Friday, May 23, 2008

Would you like fries with that?

Okay, so like my little sister, I am looking for a job. I am leaving Yellowstone Academy (www.yellowstoneacademy.org) and heading out into the unknown.

If you know me, then you know that the unknown and I are not BFFs. In fact I do NOT heart the unknown. Nope, I would rather have a little calendar handed to me with the generals penciled in...you know, like August 15th, start new job at _____.

I recognize that this is partly because I like things to be predictable and safe. I like to know that the details are going to fall into place, and to be completely honest, I would rather not have to bend over backwards to make that happen. It stresses me out.

So. Here's the delimma. I want to work part-time. I want to work two days a week outside of my house and then have the remainder of the hours be flexible - whether that's social or working on something from my home. I don't want to be in a classroom or work directly with kids. Gotta have a break from that. I am passionate about working in 3rd ward or somewhere like it, specifically with women. In fact, I was hoping to create my own little dream job of doing parent liason work at Yellowstone but there isn't money in the budget to pay me for that. Sigh. However, I have to admit that working at Yellowstone has really taken some fire out of me. (that, combined with the stresses of being a new mom, wife, etc.)

So maybe I need to take a step back from the highly service oriented job for a year or so...regroup, refresh....but then what do I do? Work at Chick-fil-a? I mean, I love their waffle fries and diet lemonade...but seriously. Oh, and I have to be able to make enough money for it to be worth it...meaning that I don't want to spend half of what I make on daycare.

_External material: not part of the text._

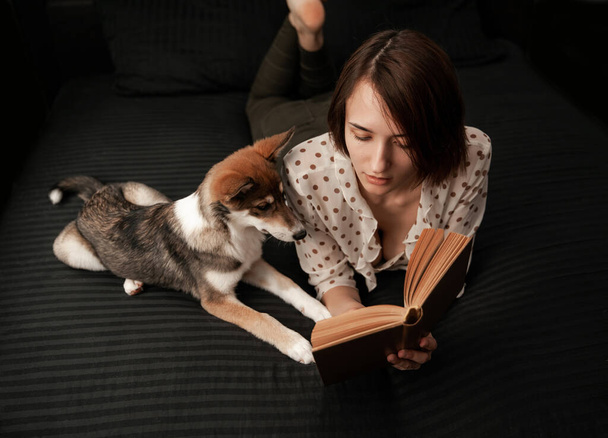 Girl with a dog lies in a black bed and reads a book - Foto, imagen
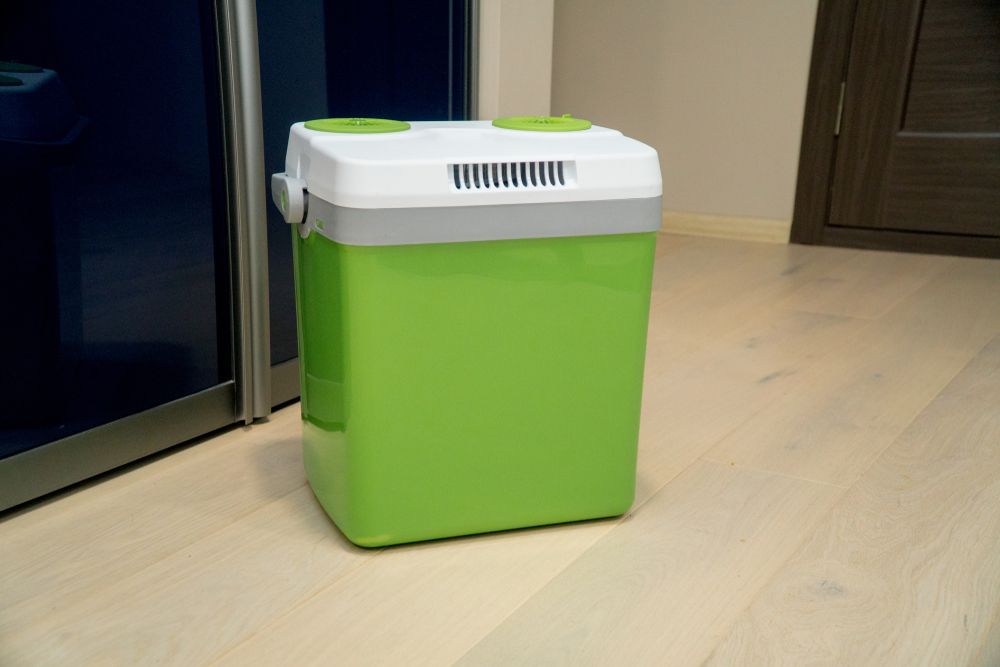 Green and White Portable Cooler on A Light Wood Floor — Lakeside Gas Fridges In Cessnock, NSW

I have talked with an organization that would provide a highly social service job in 3rd ward...and I LOVE the man that I would be working under, but the organization has a bit of a reputation for strong vision and poor delegation...which would be a total stress to me. Or, I have talked with another 3rd ward organization about doing some administrative work...which would allow for the stepping back I mentioned, but would it be too much? Would I feel stifled or bored by not having lots of interaction with people? Or, I have emailed an educational organization that is HIGHLY structured and that I'm already very familiar with because I heard through the grapevine that they're wanting to start a part-time position...but I haven't heard back from them yet.

Okay, people. There's the criteria. This is what I have on the table. Give me some clarity...what can I do??

Tuesday, May 13, 2008

Sixteen Months


Dear Lily,


In two days you will be 16 months old. I am not very good at scrapbooking, taking endless pictures, or the like. I haven't even finished your baby book yet - but I will! Instead I thought I would write you a letter from time to time to let you know how much I love you.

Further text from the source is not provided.